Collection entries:
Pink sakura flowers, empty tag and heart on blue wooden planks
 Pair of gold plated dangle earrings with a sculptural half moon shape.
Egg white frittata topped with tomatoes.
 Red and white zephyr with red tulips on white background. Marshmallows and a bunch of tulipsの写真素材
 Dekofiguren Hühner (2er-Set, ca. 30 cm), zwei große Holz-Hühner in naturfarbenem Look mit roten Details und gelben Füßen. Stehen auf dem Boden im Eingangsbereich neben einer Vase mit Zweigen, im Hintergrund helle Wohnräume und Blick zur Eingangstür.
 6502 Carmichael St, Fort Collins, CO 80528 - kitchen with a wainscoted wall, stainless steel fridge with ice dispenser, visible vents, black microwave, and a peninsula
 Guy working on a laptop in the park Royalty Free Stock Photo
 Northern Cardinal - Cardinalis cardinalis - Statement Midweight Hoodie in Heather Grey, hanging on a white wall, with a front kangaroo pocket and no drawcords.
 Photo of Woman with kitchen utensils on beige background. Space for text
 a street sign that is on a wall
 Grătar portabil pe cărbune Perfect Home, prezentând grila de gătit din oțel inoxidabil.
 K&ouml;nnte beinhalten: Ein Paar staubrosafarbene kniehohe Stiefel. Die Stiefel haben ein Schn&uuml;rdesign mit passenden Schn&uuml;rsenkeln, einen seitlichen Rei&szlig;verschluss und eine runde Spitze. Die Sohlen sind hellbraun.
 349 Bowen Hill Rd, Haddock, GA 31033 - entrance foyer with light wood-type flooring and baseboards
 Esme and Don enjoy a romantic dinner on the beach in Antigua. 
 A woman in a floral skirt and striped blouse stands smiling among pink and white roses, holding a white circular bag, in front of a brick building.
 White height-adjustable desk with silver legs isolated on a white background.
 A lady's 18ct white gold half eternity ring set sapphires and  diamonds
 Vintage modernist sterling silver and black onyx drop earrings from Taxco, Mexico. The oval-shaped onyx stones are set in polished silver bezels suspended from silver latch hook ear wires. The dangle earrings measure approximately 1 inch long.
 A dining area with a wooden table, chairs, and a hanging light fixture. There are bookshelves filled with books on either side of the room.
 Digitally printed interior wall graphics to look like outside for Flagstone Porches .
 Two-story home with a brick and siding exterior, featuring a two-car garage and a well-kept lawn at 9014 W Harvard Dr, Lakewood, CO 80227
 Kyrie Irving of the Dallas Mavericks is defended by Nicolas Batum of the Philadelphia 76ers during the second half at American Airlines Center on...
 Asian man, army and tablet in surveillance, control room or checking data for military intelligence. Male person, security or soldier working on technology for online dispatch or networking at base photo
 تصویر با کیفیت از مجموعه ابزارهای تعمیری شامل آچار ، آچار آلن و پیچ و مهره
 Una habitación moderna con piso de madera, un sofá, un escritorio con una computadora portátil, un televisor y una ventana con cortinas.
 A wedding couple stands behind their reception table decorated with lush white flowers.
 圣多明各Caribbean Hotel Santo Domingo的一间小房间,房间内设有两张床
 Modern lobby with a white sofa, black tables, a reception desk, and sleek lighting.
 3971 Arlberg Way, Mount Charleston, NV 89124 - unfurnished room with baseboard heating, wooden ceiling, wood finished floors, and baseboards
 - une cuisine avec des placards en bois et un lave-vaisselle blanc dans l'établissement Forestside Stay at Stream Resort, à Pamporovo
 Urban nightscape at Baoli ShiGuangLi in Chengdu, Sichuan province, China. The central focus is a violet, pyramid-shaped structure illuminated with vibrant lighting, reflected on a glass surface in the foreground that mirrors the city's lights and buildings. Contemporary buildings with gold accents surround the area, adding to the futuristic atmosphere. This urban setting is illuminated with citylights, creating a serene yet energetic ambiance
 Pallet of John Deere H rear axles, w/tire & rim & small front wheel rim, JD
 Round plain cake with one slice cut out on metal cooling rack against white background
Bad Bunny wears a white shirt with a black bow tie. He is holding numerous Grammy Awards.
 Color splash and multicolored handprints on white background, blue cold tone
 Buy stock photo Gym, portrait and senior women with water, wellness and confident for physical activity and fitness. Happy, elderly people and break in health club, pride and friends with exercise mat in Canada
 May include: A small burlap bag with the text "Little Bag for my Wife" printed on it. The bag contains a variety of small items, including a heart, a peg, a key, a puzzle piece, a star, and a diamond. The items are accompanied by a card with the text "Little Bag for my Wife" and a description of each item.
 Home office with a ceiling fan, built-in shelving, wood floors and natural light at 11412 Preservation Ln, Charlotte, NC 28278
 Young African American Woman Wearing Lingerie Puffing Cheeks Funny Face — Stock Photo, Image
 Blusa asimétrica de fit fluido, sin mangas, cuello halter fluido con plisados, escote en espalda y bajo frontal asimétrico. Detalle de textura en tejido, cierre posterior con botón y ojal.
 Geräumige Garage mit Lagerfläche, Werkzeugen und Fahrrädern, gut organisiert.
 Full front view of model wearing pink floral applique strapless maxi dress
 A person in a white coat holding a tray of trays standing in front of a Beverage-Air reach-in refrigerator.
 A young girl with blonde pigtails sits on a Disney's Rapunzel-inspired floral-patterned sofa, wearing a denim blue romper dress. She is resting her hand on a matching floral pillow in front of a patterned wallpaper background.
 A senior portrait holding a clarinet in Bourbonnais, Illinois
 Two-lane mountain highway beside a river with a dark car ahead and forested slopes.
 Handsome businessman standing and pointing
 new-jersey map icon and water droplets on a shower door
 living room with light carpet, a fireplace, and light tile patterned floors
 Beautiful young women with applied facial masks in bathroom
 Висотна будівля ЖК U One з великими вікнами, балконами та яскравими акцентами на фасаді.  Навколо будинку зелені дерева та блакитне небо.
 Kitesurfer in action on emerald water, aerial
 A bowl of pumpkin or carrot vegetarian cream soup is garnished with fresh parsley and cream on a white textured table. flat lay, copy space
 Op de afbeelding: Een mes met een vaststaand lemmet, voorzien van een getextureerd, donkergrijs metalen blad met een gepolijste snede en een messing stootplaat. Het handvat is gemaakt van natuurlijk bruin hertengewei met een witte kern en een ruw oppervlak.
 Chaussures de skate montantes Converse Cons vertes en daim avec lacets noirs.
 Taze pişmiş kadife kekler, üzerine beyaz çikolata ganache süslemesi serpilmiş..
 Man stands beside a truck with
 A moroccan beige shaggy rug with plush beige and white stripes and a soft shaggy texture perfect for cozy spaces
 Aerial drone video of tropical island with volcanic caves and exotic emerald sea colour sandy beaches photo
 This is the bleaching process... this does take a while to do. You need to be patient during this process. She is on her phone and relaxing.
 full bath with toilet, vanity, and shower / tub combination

:: ACTION ITEM ::
Filter the data down to the lines that contain the string "hanging", and copy them.

:: ANSWER AREA ::
 Northern Cardinal - Cardinalis cardinalis - Statement Midweight Hoodie in Heather Grey, hanging on a white wall, with a front kangaroo pocket and no drawcords.
 A dining area with a wooden table, chairs, and a hanging light fixture. There are bookshelves filled with books on either side of the room.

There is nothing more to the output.